2. On 3 October 2006, some $7 billion (representing some 18.40 per cent of total external reserves at the time) were apportioned to 14 Nigerian banks (out of the 24 consolidated banks as confirmed July 2004) and their 14 global asset management partners. The 14 global asset managers and their local counterparts were Black Rock (UK) and Union Bank of Nigeria Plc; J.P. Morgan Chase (USA) and Zenith Bank Plc; H.S.B.C (UK) and First Bank of Nigeria Plc; BNP Paribas (France) and Intercontinental Bank Plc; UBS (Switzerland) and United Bank for Africa Plc; Credit Suisse (Switzerland) and IBTC Chartered Bank Plc; Morgan Stanley (USA) and Guaranty Trust Bank Plc; Fortis (Benelux) and Bank PHB Plc; Investec (UK, South Africa) and Fidelity Bank Plc; ABN Amro (Netherlands) and Access Bank Plc; Cominvest (Germany) and Oceanic Bank Plc; ING (Netherlands) and Ecobank Plc; Bank of New York (USA); and Stanbic Bank Plc and Crown Agents (UK) and Diamond Bank Plc. CBN gave each asset manager, $500m of the external reserves to manage, with the global custodian being JP Morgan. The idea was to ensure that our own local financial institutions benefit both financially and in terms of international knowledge and skills transfer – in CBN’s words “to allow for professional management, diversification of investment and to leverage on the expertise of the foreign banks to transform Nigerian banks into global financial institutions. The CBN has traditionally kept the external reserves as deposits with foreign banks. This is the first time that it is appointing foreign assets managers to manage part of its reserves, in line with global best practice.”

With the global crisis in the financial and banking industry, therefore, one cannot but wonder how safe our piled-up foreign reserves are in all of these foreign banks, and hope that they have not been “eaten” up by the proverbial cockcroaches where we thought that they were safe, rather than use them strategically in developing our country as many long-suffering Nigerian citizens have called for. This is moreso when we note that out of the 14 asset managers listed above, 10 of them have either gone bankrupt, been taken over or have been partially or fully nationalised by their countries within the past one month, with only Cominvest, Crown Agents, Investec and Black Rock seemingly above the fray.

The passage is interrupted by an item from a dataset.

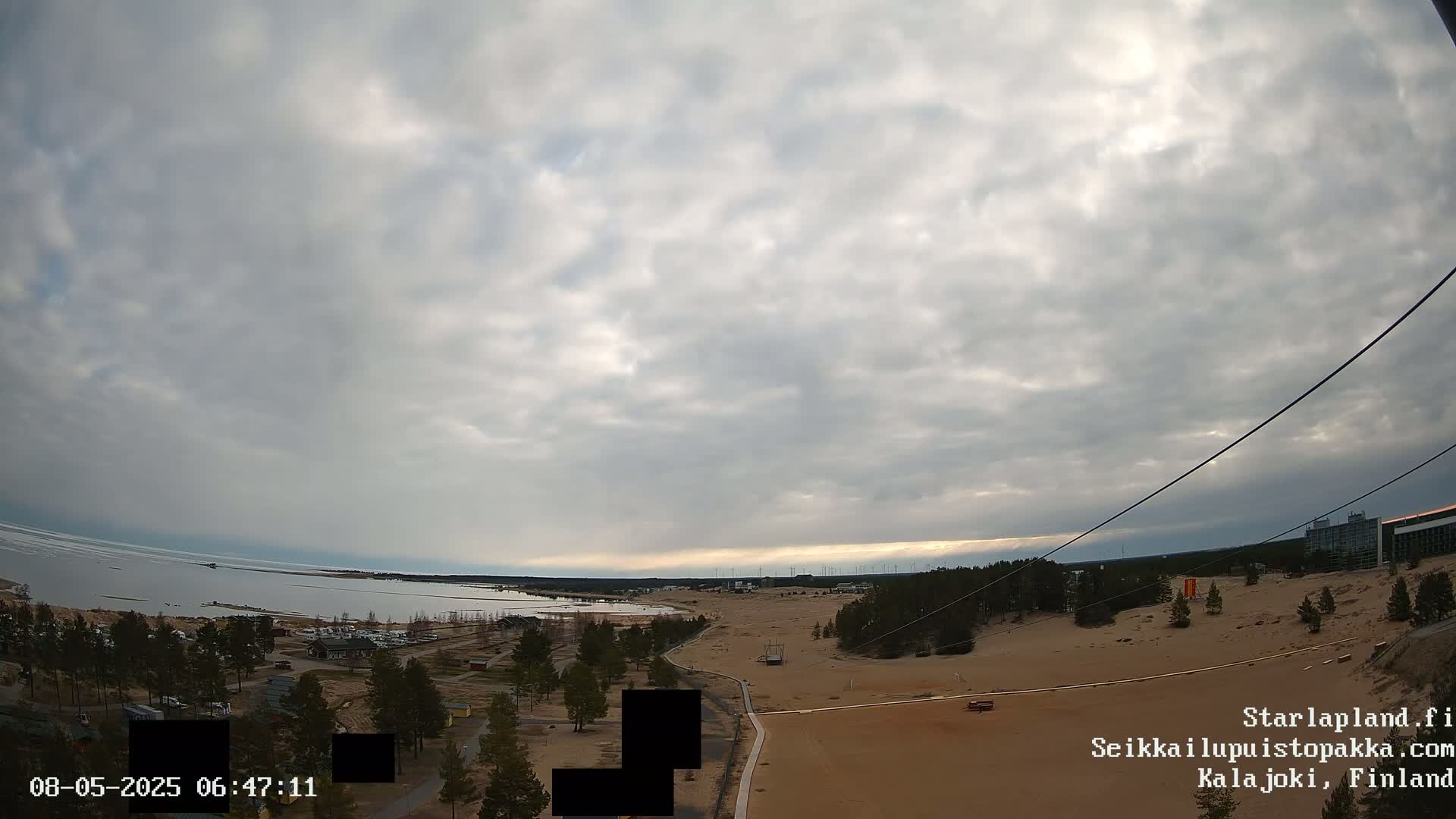 An elevated view of a sandy landscape with a body of water and overcast skies in the distance.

An interesting tangled case in point is that of Fortis, ABN Amro, and BNP Paribas, three asset managers of Nigeria’s foreign reserves. In October 2007, one year after it became an asset manager, Fortis, along with Banco Santander of Spain and Royal Bank of Scotland, acquired ABN Amro in a deal for more than 70 billion euros. Santander picked up ABN Amro’s Italian and Brazilian units, while RBS acquired ABN’s wholesale and investment banking businesses. But the deal left Fortis apparently overstretched, so much that on 28 September 2008, Fortis, a huge Benelux banking and finance company was partially nationalised, with Belgium, the Netherlands and Luxembourg investing a total of 11.2 billion euros (16.3 billion U.S. dollars) in the bank.

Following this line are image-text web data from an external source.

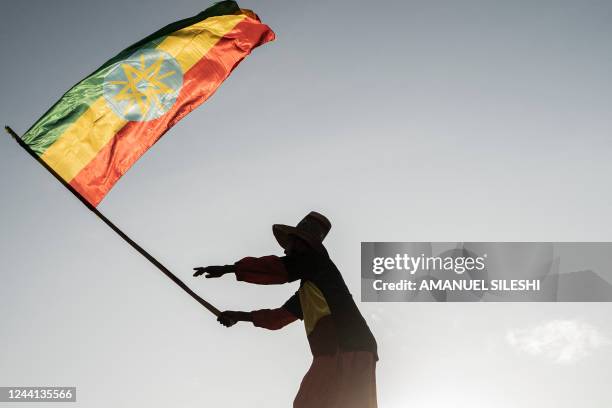 Man waves an Ethiopian flag as he join others gathering in Addis Ababa, Ethiopia, on October 22, 2022 during a demonstration in support of Ethiopia...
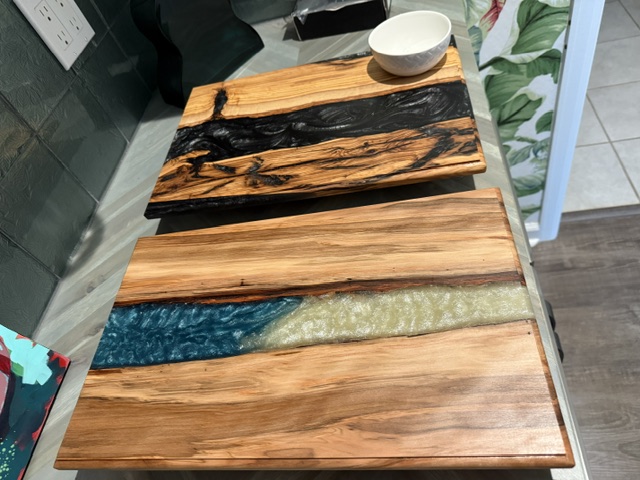 A stack of custom exotic wood boards showing the range of custom work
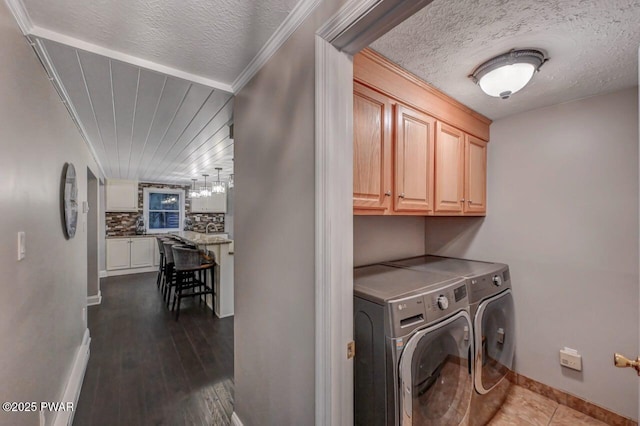 laundry room featuring washer and clothes dryer, cabinet space, baseboards, a textured ceiling, and ornamental molding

Belgium agreed to purchase 49 per cent of Fortis’s Belgian division, with the Netherlands doing the same for the Dutch division. Luxembourg agreed to a loan convertible into a 49 per cent share of Fortis’s Luxembourg division. However, to complicate matters, before the opening of the business day, 6 October, BNP Paribas, the French bank, assumed control of the remaining assets of Fortis following Dutch nationalisation of the operations of the bank in The Netherlands. Finally, on Monday 20 October, France announced a €10.5 billion rescue plan for six of its largest banks, including Crédit Agricole, Société Générale – and BNP! Thus we can see that three Nigerian banks – Intercontinental, Bank PHB and Access – are tied up in this Fortis/ABN Amro/BNP Paribas tangle.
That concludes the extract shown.